The article that quotes Colson seems to be a knee-jerk reaction. Evolution is wrong, so any mention of evolution is wrong, even if the Discovery Institute agrees with the concept of micro-evolution.
Oh, they accept some speciation--that which occurs within a baramin, or "created kind."
Can the DI tell us again why they're not creationists?
Don't you get it? They are just using this instance as a chance to push the current PR mem du jour: the current fallback that "no new information can be created" which is itself a sort of internal game of telephone from Dembski's blatherings about information.
"If true, then humanity never sinned and corrupted the universe, so God is not just for putting us in a world of suffering."
If she weighs the same as a duck, then she's made of wood...
Theology is reasoning without actual referents.
BTW, another point I'd like to make.
The book title "How Now Shall We Live" demonstrates the core of metaphysical dread that lies behind the antievolution movement. The antievolution movement is not guided by science or fact but by the realization that if evolution is true and really does explain who and what we are that certain types of theology must be untrue. From this, many people (even some atheists-- check out the Straussians) fear that we will lose the positive aspects of the moral legacy of religion, Christianity in particular. As much as people like to bash it, Christianity did leave some positive legacy behind it that is worthy of preservation.
I have two answers to this personally:
1) It is possible to reason from somewhat flawed premesis and occasionally reach good conclusions. When this occurs, history clearly demonstrates it. There are certain moral conclusions that some Christian thinkers reached that I feel have been clearly demonstrated empirically through history to be good moral conclusions. If we were to look into them carefully, I am sure we could "reverse engineer" their true premesis from nature. Think "the rights of man" and then think about optimal governing rule sets for cooperative systems of autonomous agents with human-like characteristics.
2) While I do agree that Christianity left some positive moral legacy, I think the religionists overstate this case. After all we don't have pagan war celebrations or public tormenting of criminals in the arena any longer... wait a minute... anyone watch the Iraq war "countdown" to "shock and awe"? I thought I was in pagan Rome when I saw that. how about the TV show 'Cops'?
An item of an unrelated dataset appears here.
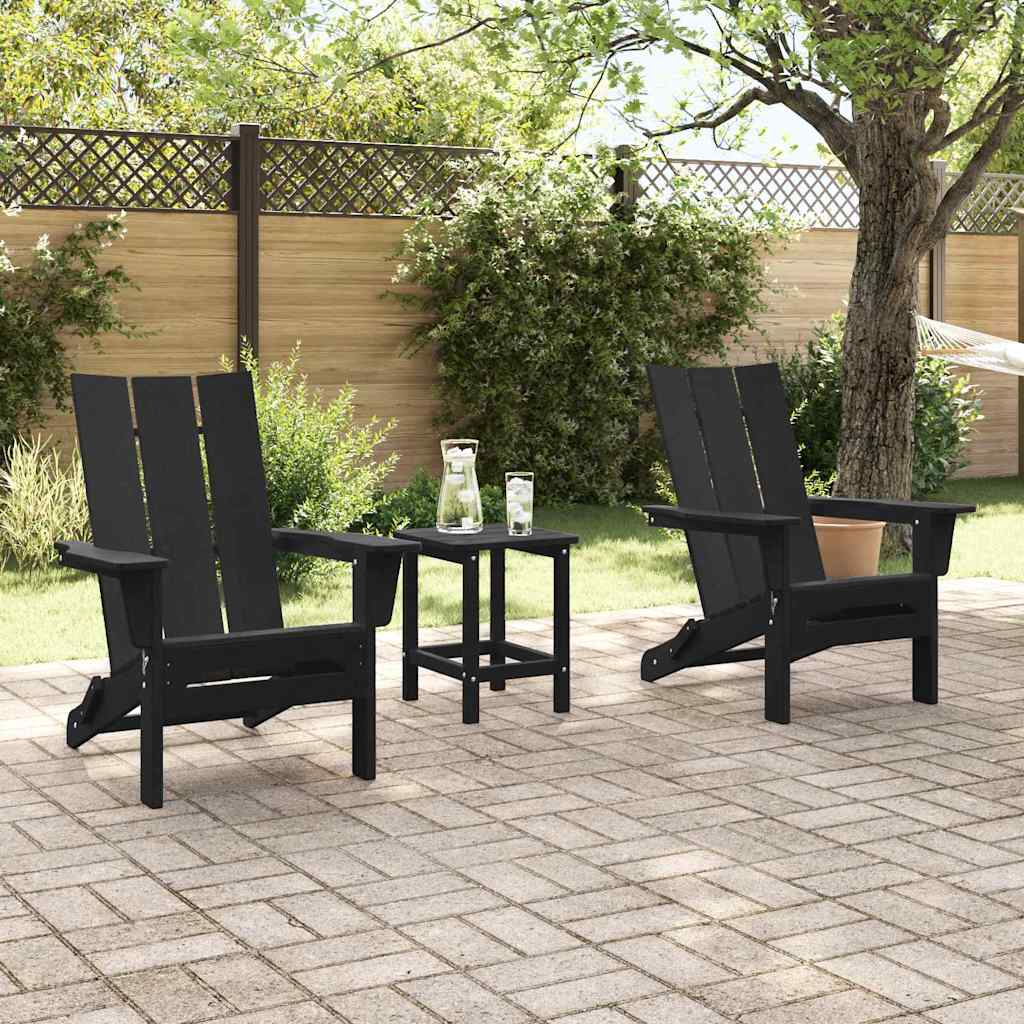 Hage Stol 3 pcs Svart 80.5 x 74.5 x 92 cm Polyethylen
It's remarkable how often you see arguments along the lines of "If x is true then the fall never happened, so Christ's sacrifice was in vain, therefore x is not true". It's such a completely backwards way of reasoning it's hard to say anything in response. The idea that the Bible might contain religious truths but not be literally and absolutely true is petrifying to a huge number of people in America.
If you think Versaille is excessive, visit Herrenchiemsee in Bavaria. It's modelled on Versaille but Ludwig II bankrupted the country trying to build it. He spent a grand total of 10 days in it.
That was weird. I posted that last comment to Chris Mooney's blog.